Monday, August 27, 2018
CPC and CPCE Put/Call Ratios Daily Chart; Near-Term Top At Hand
Here is an update of the previous CPC and CPCE put/call charts from last week. The low numbers last week indicate complacency in the stock market and a pull back is expected of 40 to 80 SPX handles and perhaps much more. The question is where it would top out in the days forward. The SPX peaked a day later at 2874-ish and then pulled back a couple days to a low at 2855 and then zoomed higher. That 15 or 20 SPX handle pullback was nothing. If you blinked you missed it.
The central bankers, always the positive wild card in the stock market, came out firing both barrels. The Fed pumped stocks higher on Friday from Chairman Powell's dovish speech at Jackson Hole. Powell's dovishness is verified by the Fed Funds futures only indicating a 60% chance of a December rate hike. The September hike, on 9/26/18, is considered a done-deal. Typically, you want to see the rate hike chance over 80%, the higher the better, for it to be cast in stone. The December hike is up in the air verifying the Powell dovishness. Hence, stocks rocket higher. Central banker easy money rules the stock market since March 2009. It has gone on so long that no one pays attention to it anymore.
Then, the PBOC, China's central bank, announces counter-cyclical measures to control the yuan. This is a fancy phrase that simply means the PBOC will intervene if the yuan becomes too weak (the dollar/yuan moving towards 7), and if the yuan becomes too strong (the dollar/yuan pair moving towards 6.2-6.3). The idea is to create stability and the news creates more stock market upside. Asia stock indexes rally on the PBOC intervention. The double-whammy central banker games create global stock market joy since Friday. The central bankers are the market.
The stock market rally continues through today and the upside euphoria is verified by new lower-lows in both the CPC and CPCE put/calls. Traders are buying stocks at the ask with both fists.
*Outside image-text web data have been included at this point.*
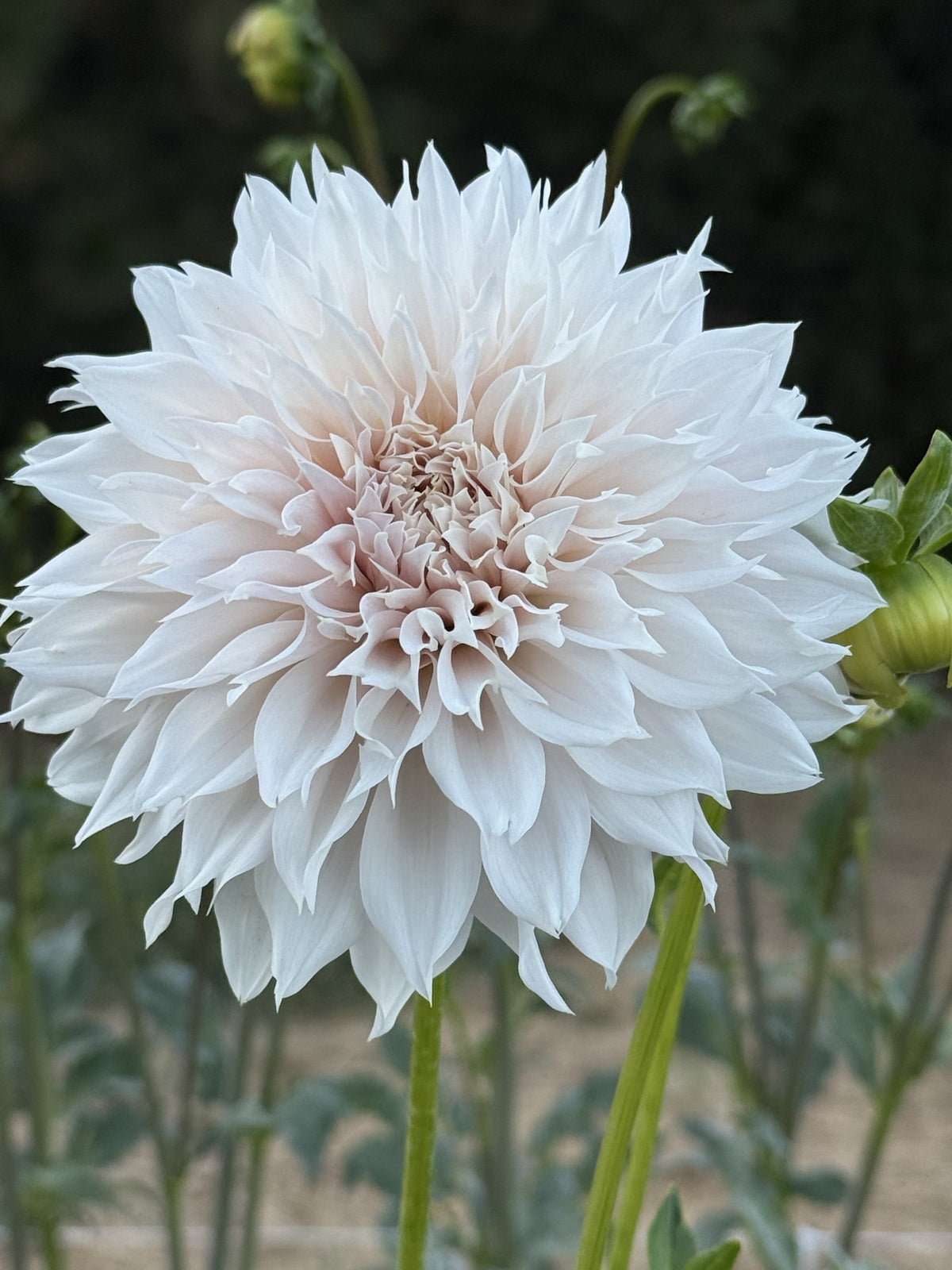 Lee's Starchild dahlia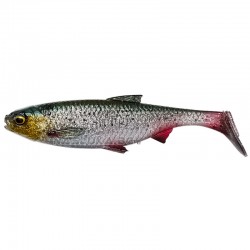 Τεχνητό Σιλικόνης Savage Gear 3D River Roach 14εκ 28γρ - Green Silver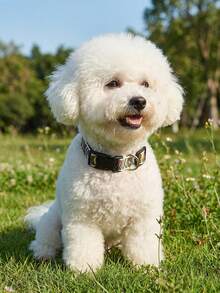 Thin Nylon Colorful Patterned Dog Collar, Suitable For Small Poodles And Bichons, All-Season Use, Cat And Dog Pet Supplies, Happy Puppy, Suitable For Small To Medium Dogs And Cats - Multicolor - View 2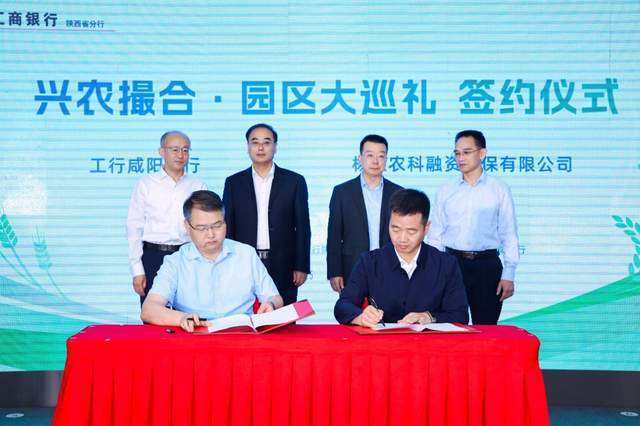 融资成果汇 | 普惠金融赋能 小微“贷”动新程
Bulls are throwing confetti, dancing and singing with lamp shades on their heads as the drink Fed and PBOC wine buying stocks with reckless abandon.
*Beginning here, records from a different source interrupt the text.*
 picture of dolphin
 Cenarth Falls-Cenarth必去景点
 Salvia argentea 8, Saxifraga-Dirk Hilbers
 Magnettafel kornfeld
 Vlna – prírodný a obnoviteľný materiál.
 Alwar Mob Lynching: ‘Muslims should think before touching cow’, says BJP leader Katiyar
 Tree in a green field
The bullish pundits are out in force parading across the business television screens telling investors to, "Buy, buy, buy!" Such is complacency and lack of fear in markets exactly when a pull back occurs. Barring more central banker largess, the 40 to 80 SPX handles of downside are on the table and once again it is a matter of from what level. The near-term top can occur at anytime, any day forward. The SPX prints a new all-time closing high today at 2896.74 and a new all-time high at 2898.25. A drop down to the 2800 to 2830 is a realistic downside target for the days ahead as soon as the top prints at any time, probably this week.
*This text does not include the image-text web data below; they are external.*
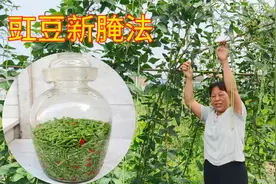 朱嫂新方法腌制豇豆，不比泡豇豆味道差，冬天吃更方便视频封面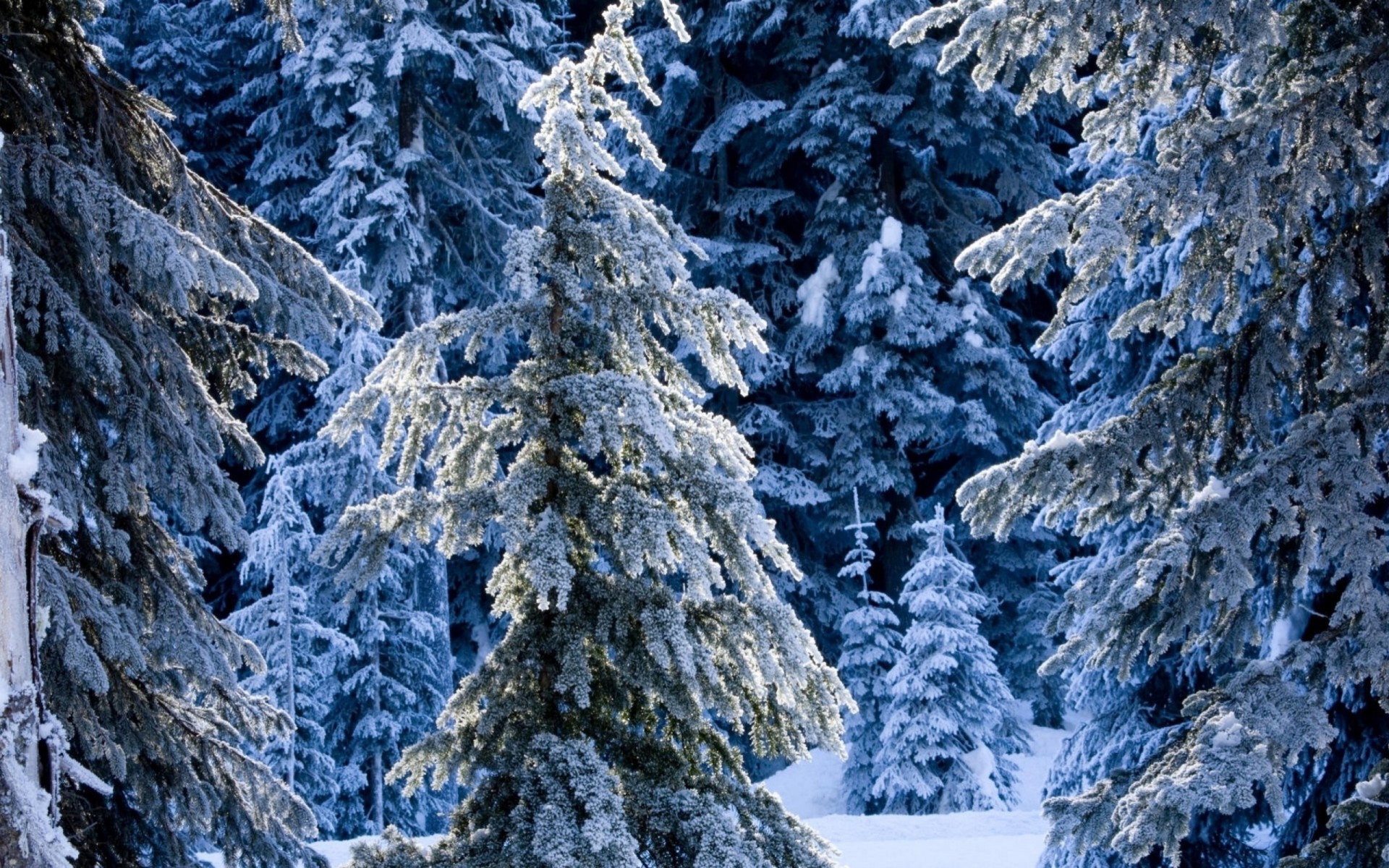 palm fairy winter forest spruce snow drift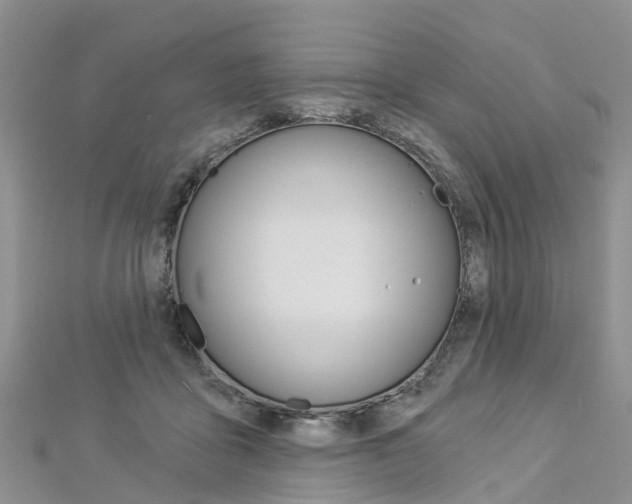 X0000112820411200908211004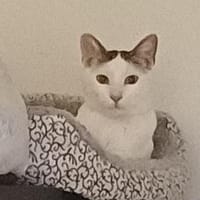 Putziger Val stellt sich vor, Kater zur Adoption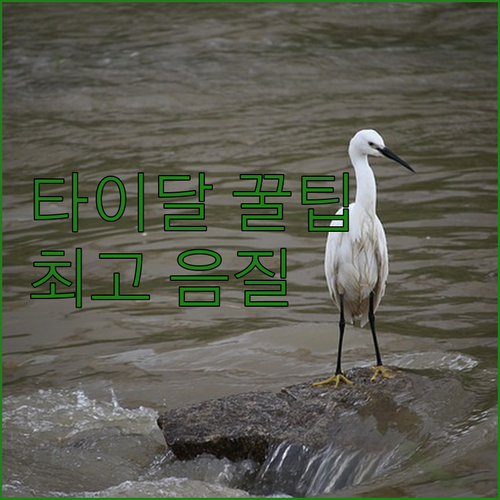 타이달, 돈 아끼면서 최고 음질 즐기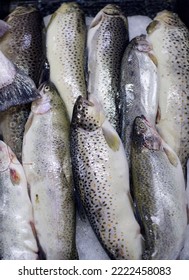 Fresh Fish Trout On The Counter Of The Fish Market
The up move in equities has momentum. The MACD line on the SPX 2-hour chart continues sloping higher but the RSI and stoch's are both overbot and negatively diverging. Stocks may top out and begin the downside tomorrow afternoon; it depends on how the charts set-up. The news bites on trade and the central banker intervention are in the mix as well. This information is for educational and entertainment purposes only. Do not invest based on anything you read or view here. Consult your financial advisor before making any investment decision.